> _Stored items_
*****

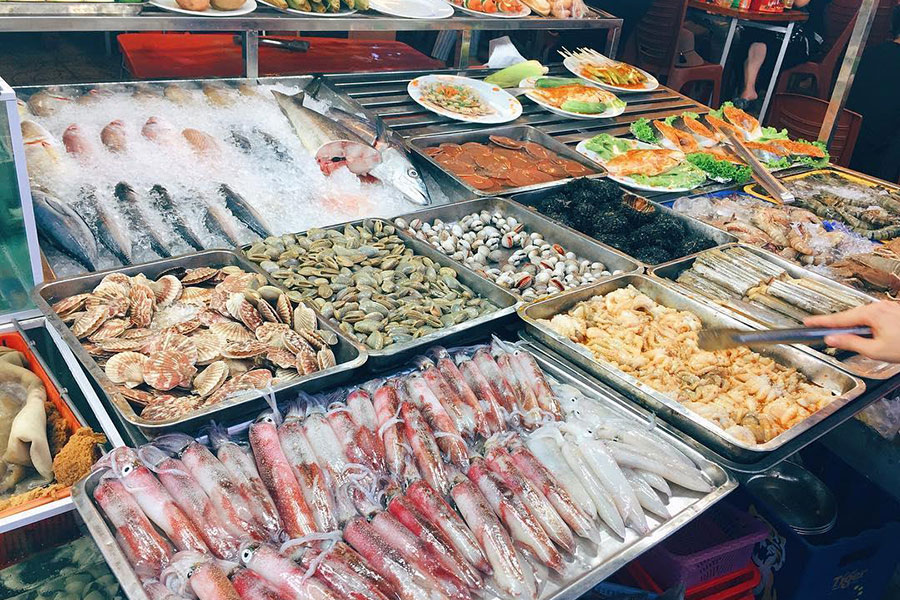 Les fruits de mer délicieux aux villages des pêcheurs à Khanh Hoa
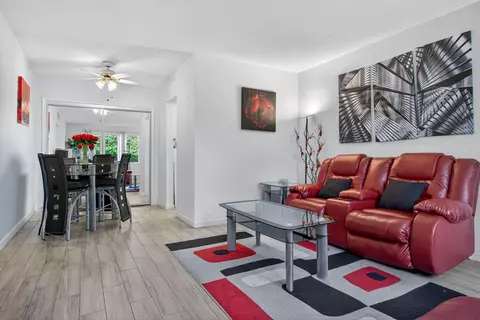 418 S Cypress Rd #110, Pompano Beach, FL 33060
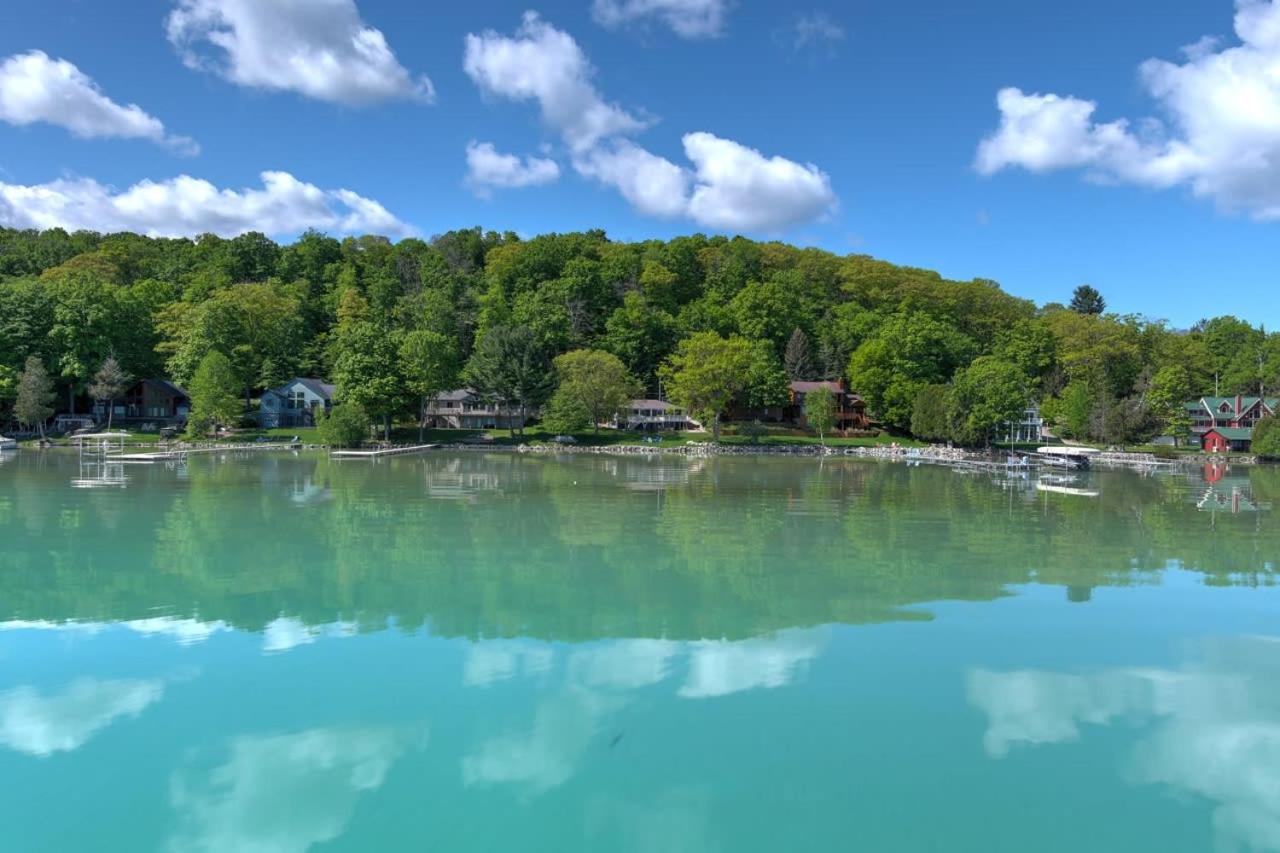 Big Glen Lakefront in Glen Arbor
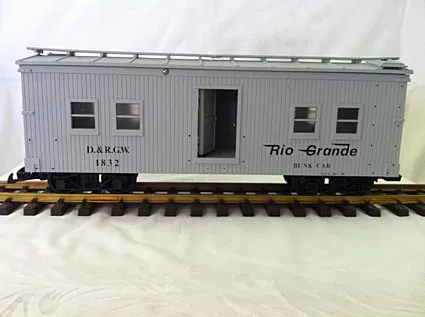 USA Trains R1832 D&RGW Bunk Car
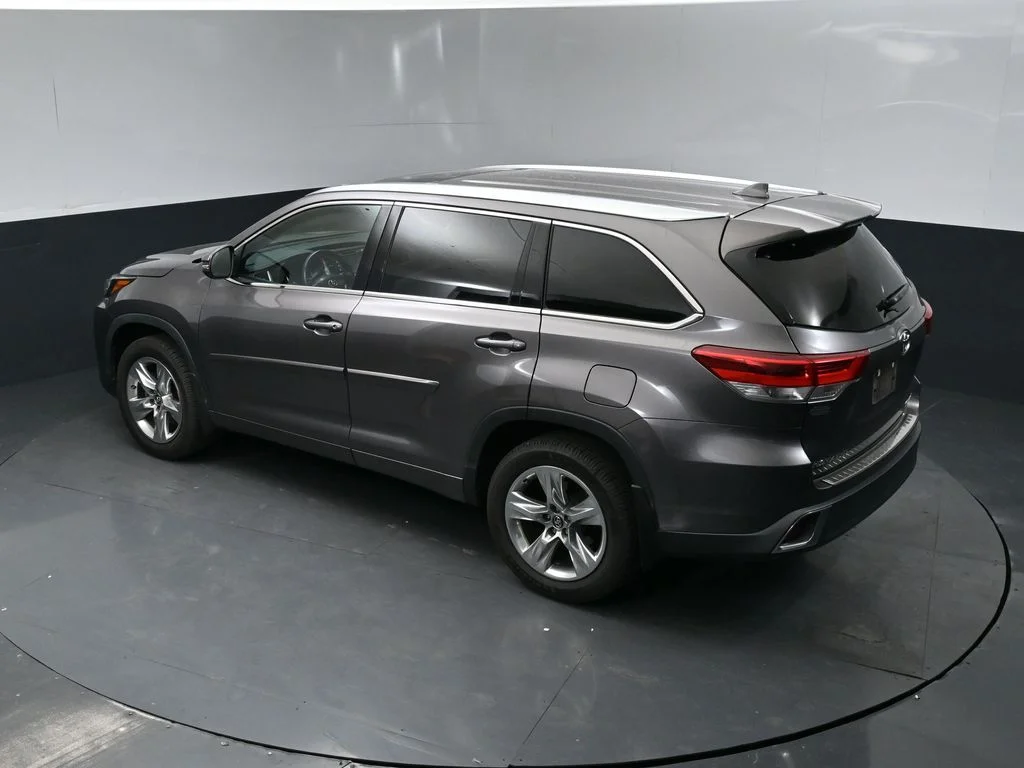 Certified Used 2019 Gray Toyota Limited image 16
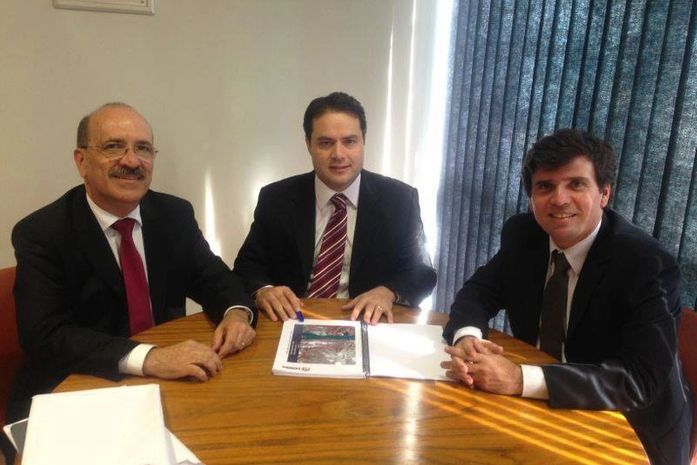 Ronaldo Lopes, Renan Filho e Marcius Beltrão comentando o projeto ponte Penedo à Neópolis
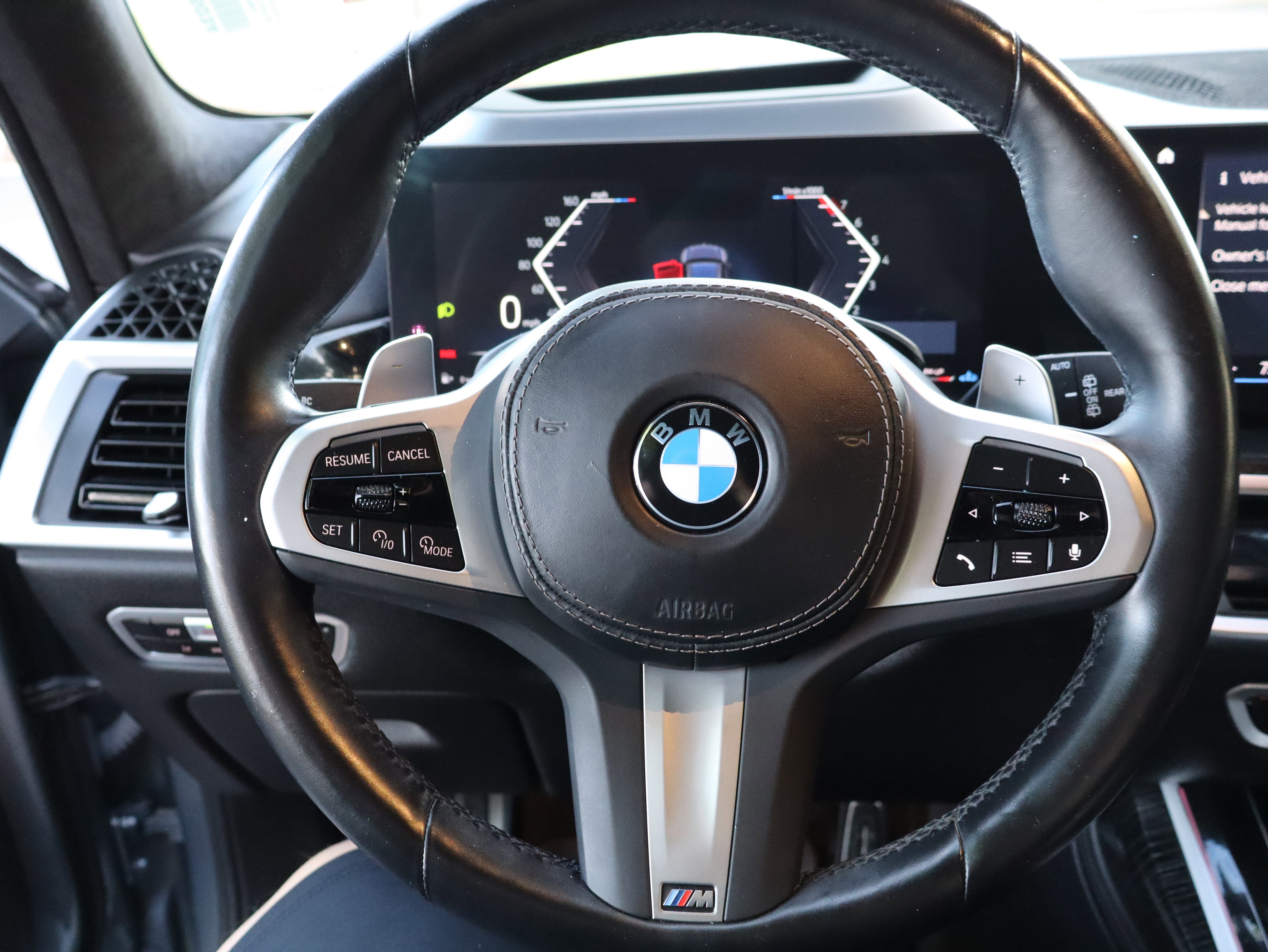 Used 2023 BMW X7 xDrive40i w/ Executive Package AWD/4WD image 24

*****

I'd like every record printed exactly, with the pictures left out.

> _Output_
 Les fruits de mer délicieux aux villages des pêcheurs à Khanh Hoa
 418 S Cypress Rd #110, Pompano Beach, FL 33060
 Big Glen Lakefront in Glen Arbor
 USA Trains R1832 D&RGW Bunk Car
 Certified Used 2019 Gray Toyota Limited image 16
 Ronaldo Lopes, Renan Filho e Marcius Beltrão comentando o projeto ponte Penedo à Neópolis
 Used 2023 BMW X7 xDrive40i w/ Executive Package AWD/4WD image 24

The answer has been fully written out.